I'm so glad you wrote this up! Very valuable info to save.
I was never able to finish reading GOMM back in the day. I was lucky enough not to have promised anyone a response, so when I got too squicked I could just bail.
I think you're more than fair, contrasting the progressive story she's apparently trying to tell (brain damage doesn't equal uselessness, etc.) with the adult/child story she actually shows (zoicks). I don't think I would have been quite so evenhanded--given what seemed to be a complete abandonment of realism, I never got a good sense of story #1 at all.

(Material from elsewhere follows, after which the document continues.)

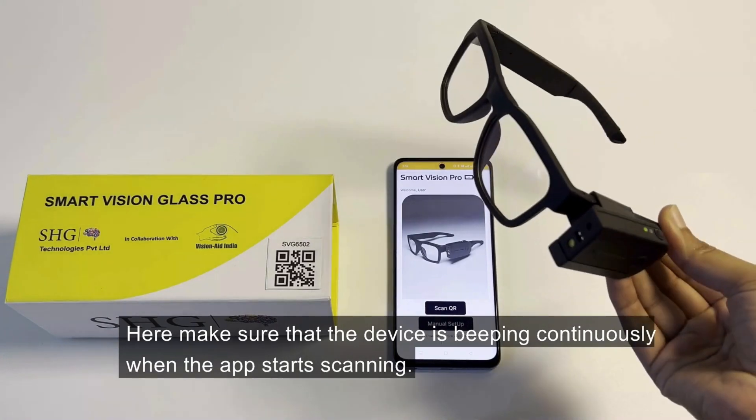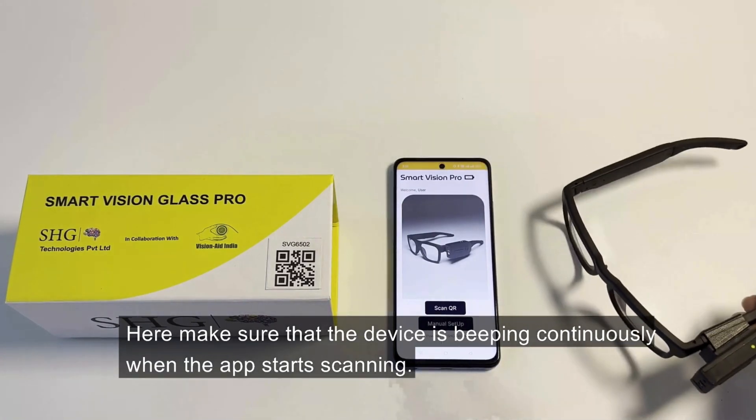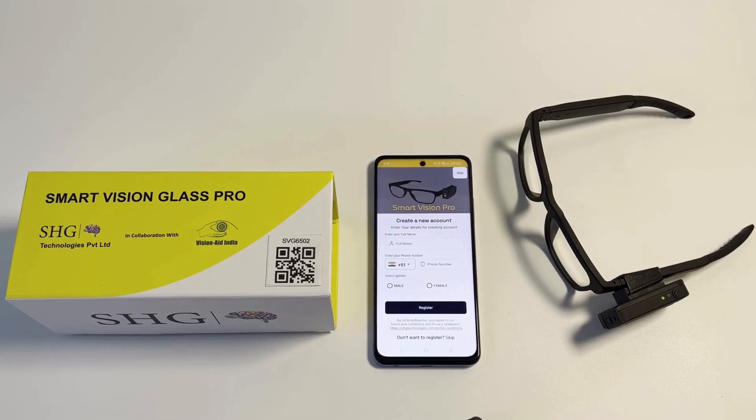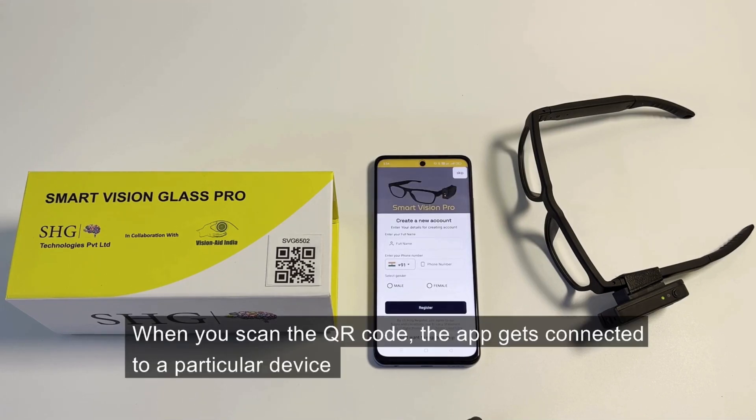You'll make sure that the device is beeping continuously when the app starts scanning. Please wait while I scan for your device. Smart Vision Glasses connected successfully. Please fill in the registration form or click on Skip to continue. When you scan the QR code, the app gets connected to a particular device.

It was as if that was just gestured at vaguely as she proceeded into the depths of story #2. Because if she really did want to write about how a brain damaged person is still a member of society with an adult's needs and rights, why is the 'brain damage' so patently, iddishly fantasy-fictional?
I mean, as you say here: Jane's constant dwelling on his assumed age and the attributes that went with it... the real-life concept of "a mental age of #X", as I understand it, is actually shorthand, reflecting a more complex reality of changes in certain brain functions, reactions, attitude, etc. It doesn't mean that somehow someone becomes #X again in its original (or stereotypical) entirety. But Ray does, he "becomes" a unified, perfectly-regressed 9 (or whatever), and progresses in a unified, perfectly re-enacted process. Each of his assumed age ranges is easy to pin down, happens all of a piece, and brings with it a parcel of sexually-fetishized attributes. This sort of thing seems to shuck any faithfulness toward story 1 in favor of nothing but story 2. And story 2 didn't seem to have any of the positive potential elements of story 1.

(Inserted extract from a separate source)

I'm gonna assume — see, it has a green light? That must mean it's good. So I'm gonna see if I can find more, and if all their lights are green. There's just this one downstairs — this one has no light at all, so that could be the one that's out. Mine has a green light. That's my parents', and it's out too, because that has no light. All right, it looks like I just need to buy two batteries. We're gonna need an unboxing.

Now, granted, I don't demand--and never have required--some kind of specious verisimilitude in my slash. But I do think that actually telling story 1 would require at least some, and the story doesn't bother, which led me to infer that it really wasn't about story 1 at all.
(And really, where my verisimilitude-jones does come out all the time is when presented with the sudden shrinking/fluffifying/ unacknowledged de-aging of a character. Doyle is NOT TINY. He is NOT FRAGILE. He is OLDER THAN BODIE. Etc. So when he almost-inevitably is shown turning his giant tear-filled eyes and trembling lower lip up up up to Big Butch Bodie... well. You know how I get. So this story, which, on top of the other things that squicked me, basically makes a huge meal of this process as the entire main premise... er. No thanks, I couldn't possibly, I'm full.)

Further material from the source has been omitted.